SAIP2025

IoT-Based Environmental Monitoring in a Sawtooth Greenhouse: Foundations for CFD, Anomaly Detection, and Environmental Prediction

Not scheduled

1h

Solomon Mahlangu House (University of the Witwatersrand, Johannesburg)

Oral Presentation Track F - Applied Physics Applied Physics

Speaker

Abdool Sattar Cassim (University of Johannesburg)

Description

The global agriculture sector faces mounting challenges due to climate change, rising atmospheric CO₂ levels, and increasing food demand from growing urban populations. Greenhouses have emerged as vital solutions to ensure improved food production. In earlier work, a real-time Internet of Things (IoT) sensor network was deployed in a sawtooth-shaped greenhouse to monitor temperature and humidity distributions. This provided key insights into the microclimate and laid the groundwork for future integration with computational fluid dynamics (CFD) simulations, aimed at optimizing natural ventilation, energy use, and environmental control.

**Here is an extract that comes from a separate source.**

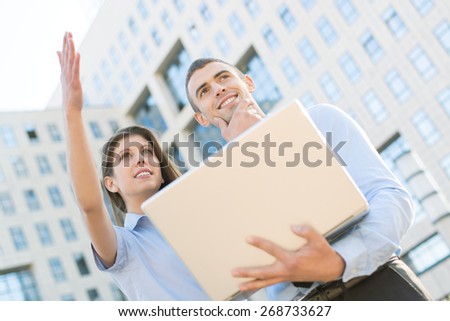 Young business couple with laptop, standing in front their company, look ahead at the height and thinking.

Expanding on that framework, this study implements an enhanced IoT-based sensing network in a greenhouse, monitoring temperature, humidity, CO₂ equivalence (CO₂eq), and total volatile organic compounds (tVOC) across nine spatially distributed locations grouped into three zones (high-irradiation vent, middle, and far end). Over a 50-day period, a statistical filtering algorithm was used to remove sensor noise and quantify uncertainty, ensuring high data integrity from these locations. Results showed elevated temperatures and poor air quality (high CO₂eq and tVOC) at the high solar radiation vent, while the middle and far-end zones exhibited more favorable conditions due to high ventilation.

This dataset offers a valuable foundation for future CFD studies by providing detailed spatial and temporal environmental insights essential for model validation and simulation benchmarking. This is the basis for a digital twin that can be used to optimise crop yield growth and updated by real-time sensor data. Additionally, the high-resolution data and established patterns open new avenues for anomaly detection and predictive modeling of environmental conditions within greenhouses. These capabilities are critical for developing intelligent climate control strategies and advancing precision agriculture technologies for an increase in crop production.